*** Opening of Materials provided ***

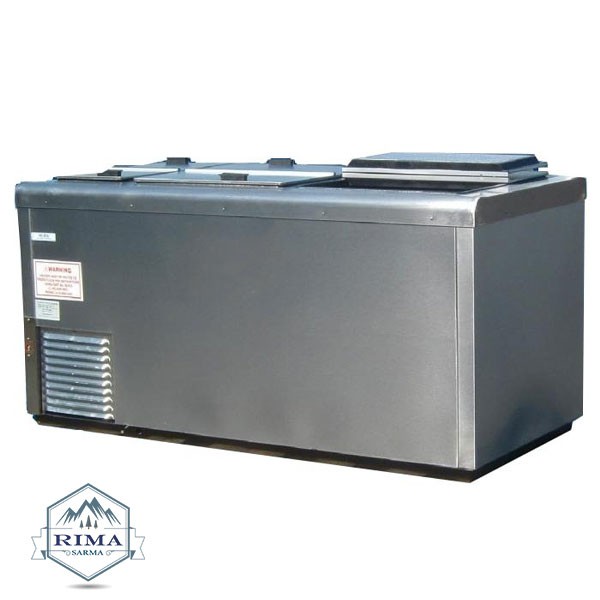 فریزر مرغ و گوشت صنایع برودتی ریما سرما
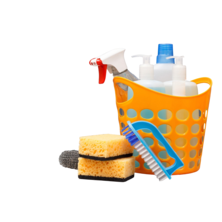 Средства для мытья кухни, ванной и туалета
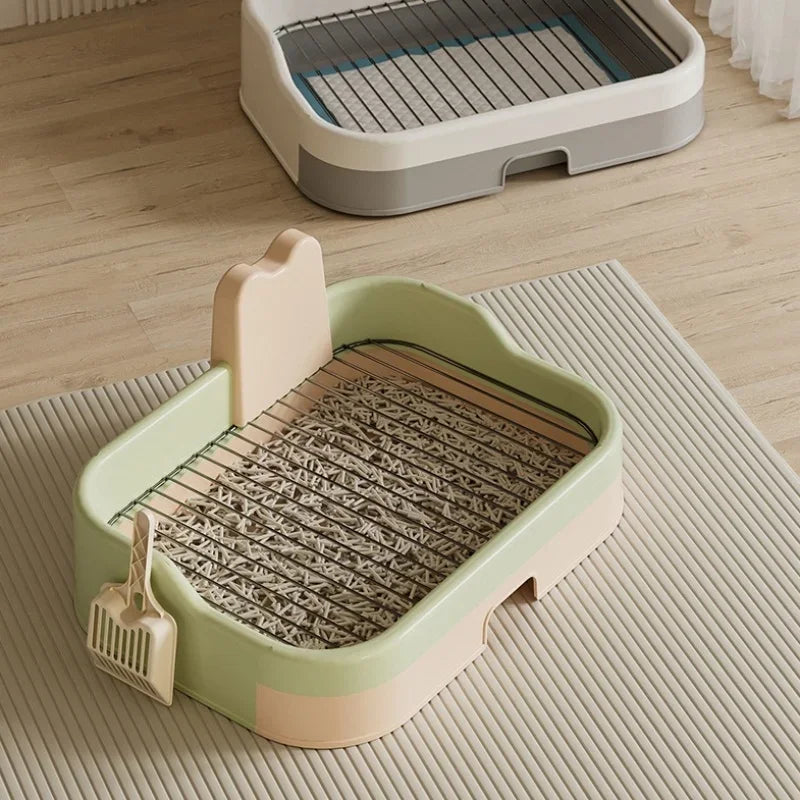Pet Dog Toilet Tray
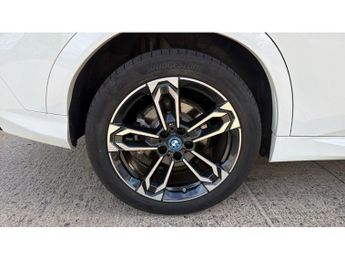 BMW iX2 150kW eDrive20 M Sport 65kWh 5dr Auto Electric Hatchback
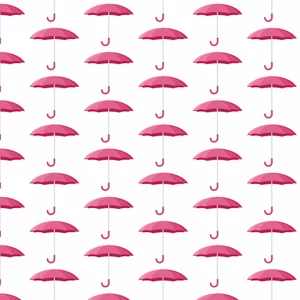 Paraplu's naadloze patroon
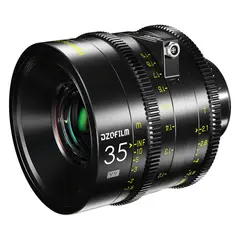 DZOFilm Vespid Cyber 35mm T2.1 Full Frame PL &amp; EF Mounts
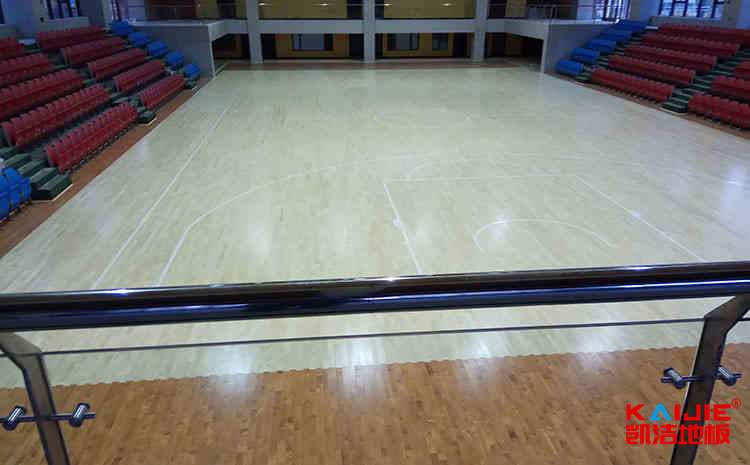 籃球場(chǎng)地板上海多少錢一平方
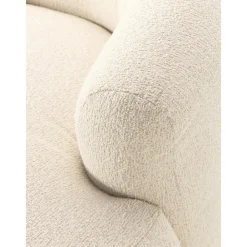 Poltroncina In Boucle Sofia*Westwing Collection New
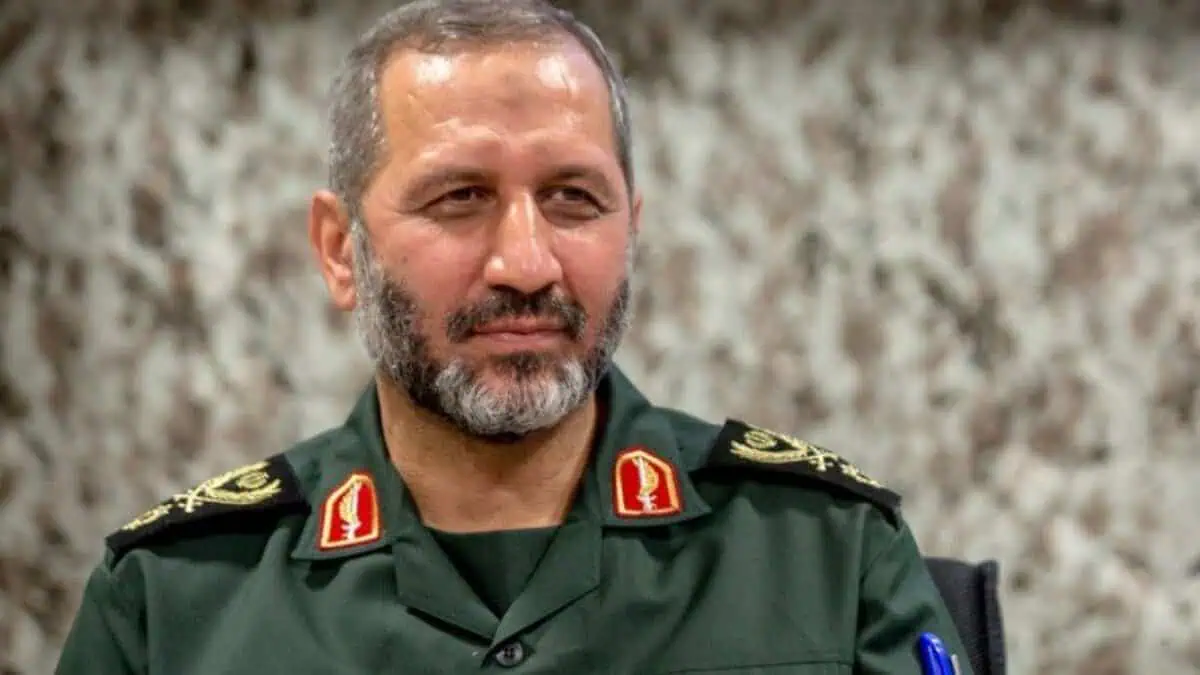 Seyed Majid Mousavi appointed as new IRGC Aerospace Commander by Iran’s Supreme Leader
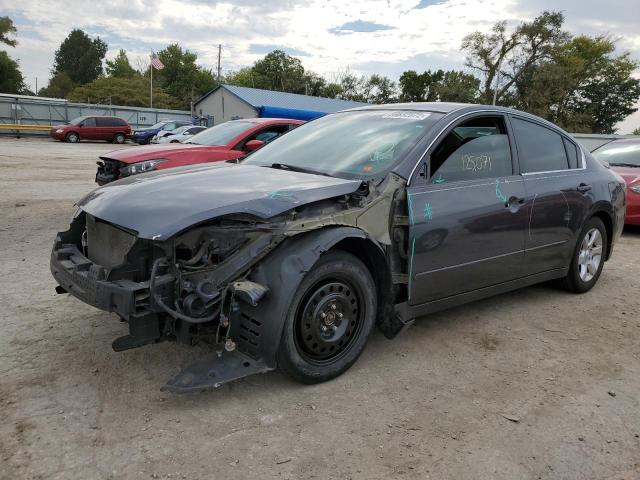Photo 2 from auction – 2008 NISSAN ALTIMA 2.5 with VIN 1N4AL21E48N537296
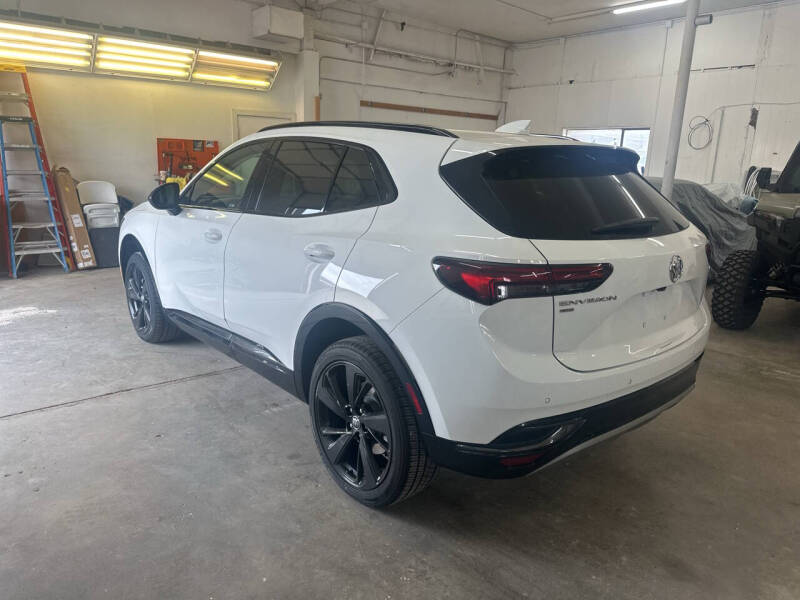 2023 Buick Envision Preferred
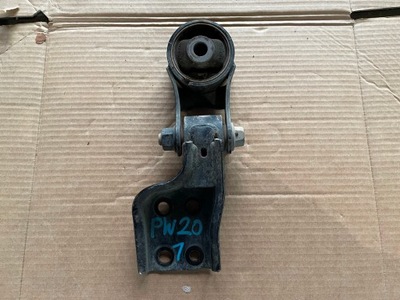 Toyota yaris iii кронштейн подушка двигателя фото №1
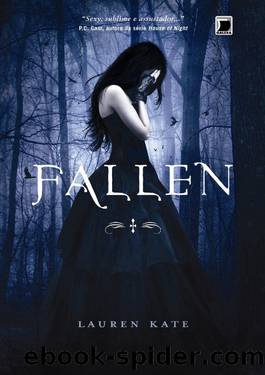 Fallen by Lauren Kate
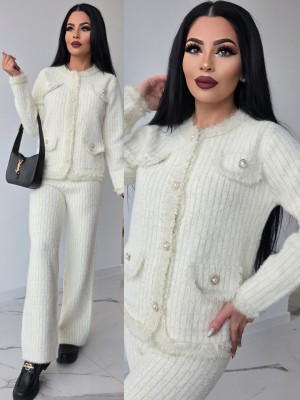 Сако и панталон Mohair Champaign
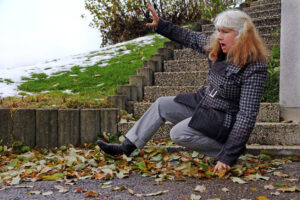 Requirements for Safety Railings
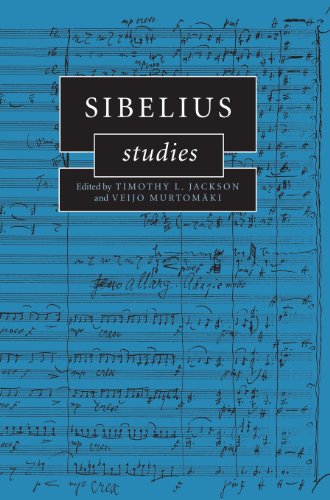 Imagen de archivo de Sibelius Studies a la venta por Better World Books: West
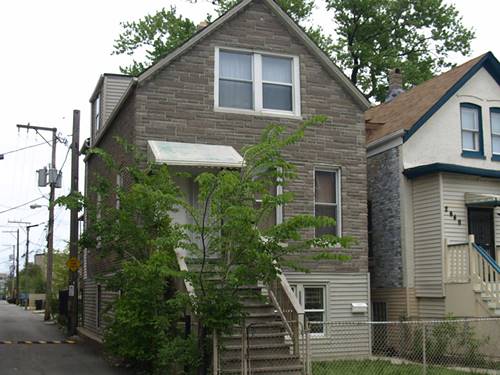 2642 W Hirsch, Chicago, IL 60622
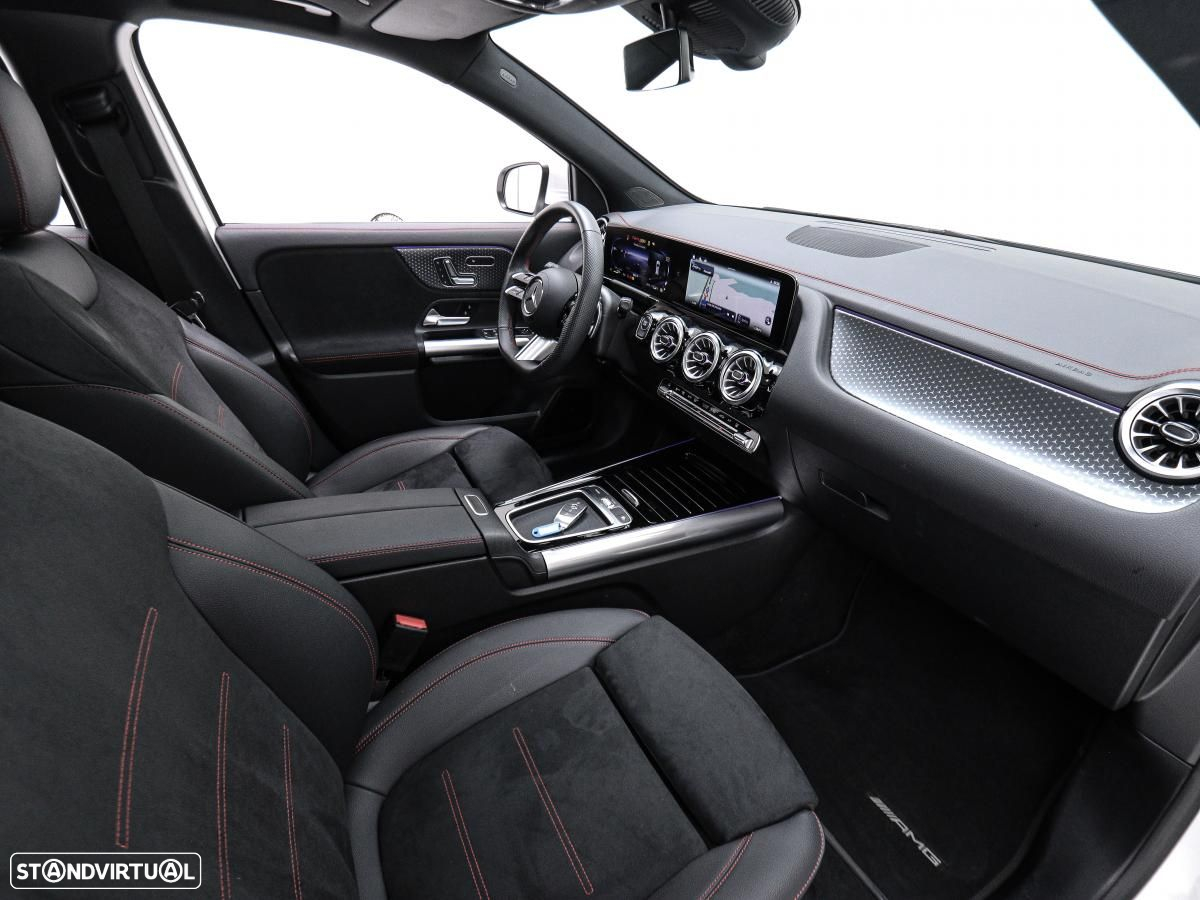 Mercedes-Benz EQA 300 4Matic AMG Line - 13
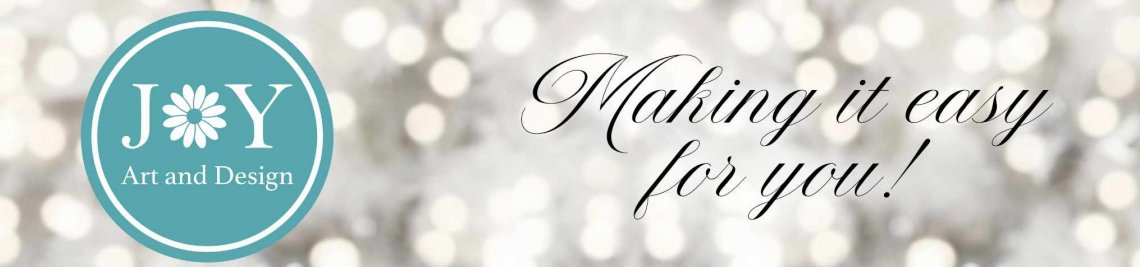 JOY ART AND DESIGN Profile Banner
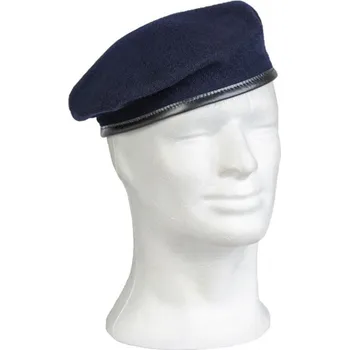 Kšiltovka Baret vlněný BW CDO - navy, 55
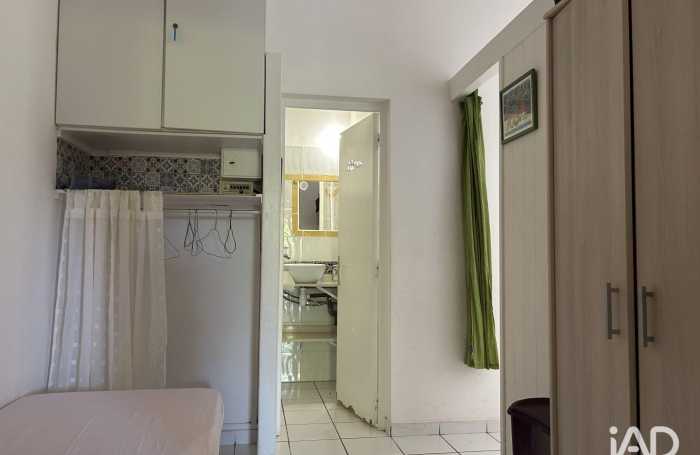 Vente Maison 29m&sup2; 3 pièces Saint Fran&ccedil;ois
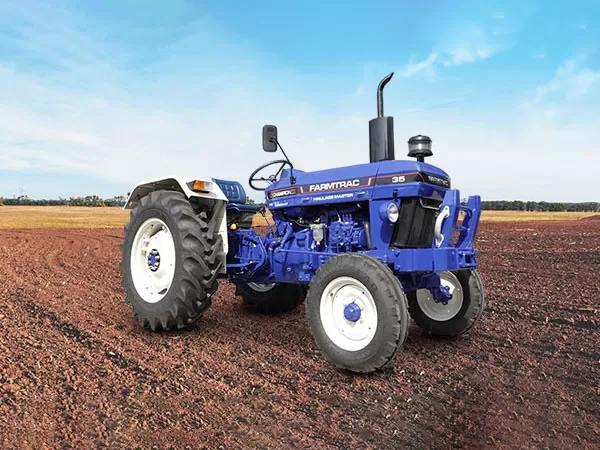 Farmtrac Champion 35 Haulage Master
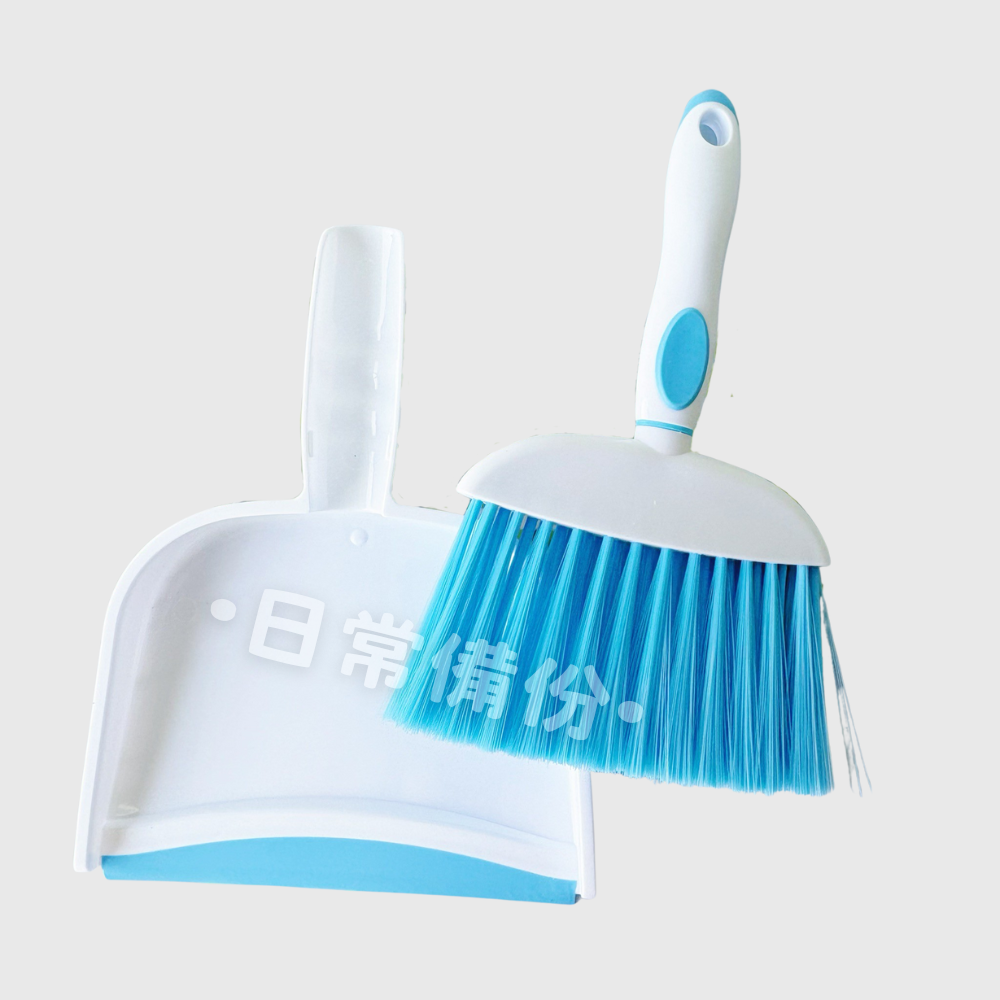 歐美桌上套刷 桌上清潔刷 桌掃 迷你桌掃 鍵盤刷 小掃把 小畚斗組 桌面刷 歐美風桌刷 迷你掃 小掃把 掃把 日用品-細節圖6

*** Close of Materials provided ***

__What needs to be done__: From the first line to the last, set down the data exactly, without the pictures.

__Problem solution__:
 فریزر مرغ و گوشت صنایع برودتی ریما سرما
 Средства для мытья кухни, ванной и туалета
Pet Dog Toilet Tray
 BMW iX2 150kW eDrive20 M Sport 65kWh 5dr Auto Electric Hatchback
 Paraplu's naadloze patroon
 DZOFilm Vespid Cyber 35mm T2.1 Full Frame PL &amp; EF Mounts
 籃球場(chǎng)地板上海多少錢一平方
 Poltroncina In Boucle Sofia*Westwing Collection New
 Seyed Majid Mousavi appointed as new IRGC Aerospace Commander by Iran’s Supreme Leader
Photo 2 from auction – 2008 NISSAN ALTIMA 2.5 with VIN 1N4AL21E48N537296
 2023 Buick Envision Preferred
 Toyota yaris iii кронштейн подушка двигателя фото №1
 Fallen by Lauren Kate
 Сако и панталон Mohair Champaign
 Requirements for Safety Railings
 Imagen de archivo de Sibelius Studies a la venta por Better World Books: West
 2642 W Hirsch, Chicago, IL 60622
 Mercedes-Benz EQA 300 4Matic AMG Line - 13
 JOY ART AND DESIGN Profile Banner
 Kšiltovka Baret vlněný BW CDO - navy, 55
 Vente Maison 29m&sup2; 3 pièces Saint Fran&ccedil;ois
 Farmtrac Champion 35 Haulage Master
 歐美桌上套刷 桌上清潔刷 桌掃 迷你桌掃 鍵盤刷 小掃把 小畚斗組 桌面刷 歐美風桌刷 迷你掃 小掃把 掃把 日用品-細節圖6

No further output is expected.